You know, of course we don’t, we make clear this is not a commitment and it, you know, the closer we are to today, the more accurate the data’s gonna be. That’s just the nature of a forecast. But that’s been a really helpful tool for us. Distribution is really relationship heavy. I think what myself and my direct manager have put into place over the last five or six years is that we weren’t doing before is really interacting with the supply chain teams at those vendors. We want to talk to the people who are really doing the work. We’ve had some really good success stories with some of those vendors where some of our, I could think of one in particular was one of our worst vendors who’s become one of our best from a supply chains standpoint.
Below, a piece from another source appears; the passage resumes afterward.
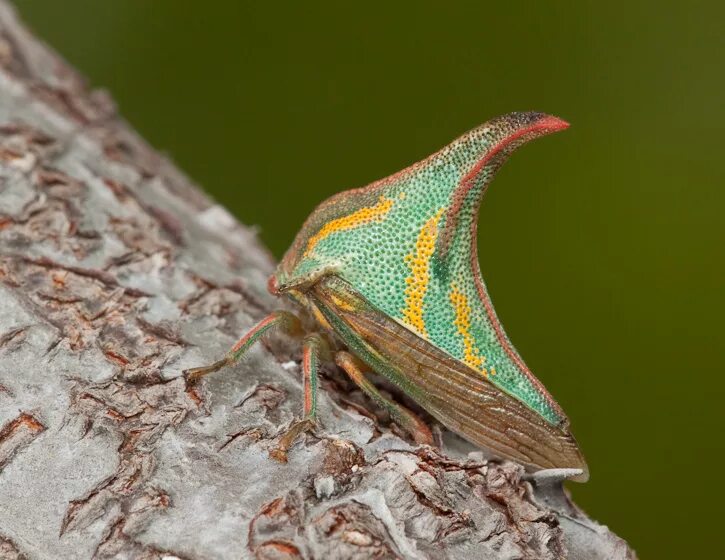 Бразильская горбатка. Жуки Umbonia spinosa. Жук Горбатка. Жук Горбатка бразильская. Горбатка Umbonia spinosa.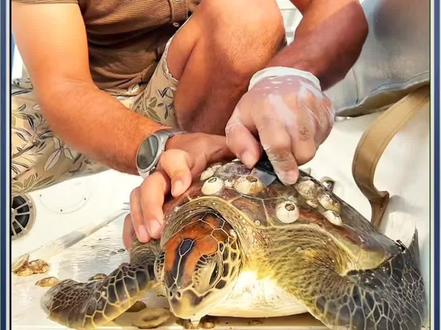 小哥不仅帮海龟清理藤壶,还给海龟做个抛光 #解压 #藤壶 #极度舒适 #治愈系 #海龟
Because we’ve opened those lines of communication and we’ve had data to prove what we were saying rather than to just sound like we were complaining.

(04:39):

My previous role for really a Fortune 500 company that was using a much less mature process for inventory planning and forecasting, and it was very fragmented because everybody was kind of doing it their own way. You know, whereas when you use a tool like this, it can do a lot of that heavy lifting for you. It can bake the rules that you want and it can implement them with consistency from one user to the next. And so it really allows you to have a one approach to the way that you’re purchasing and inventory planning for the entire organization.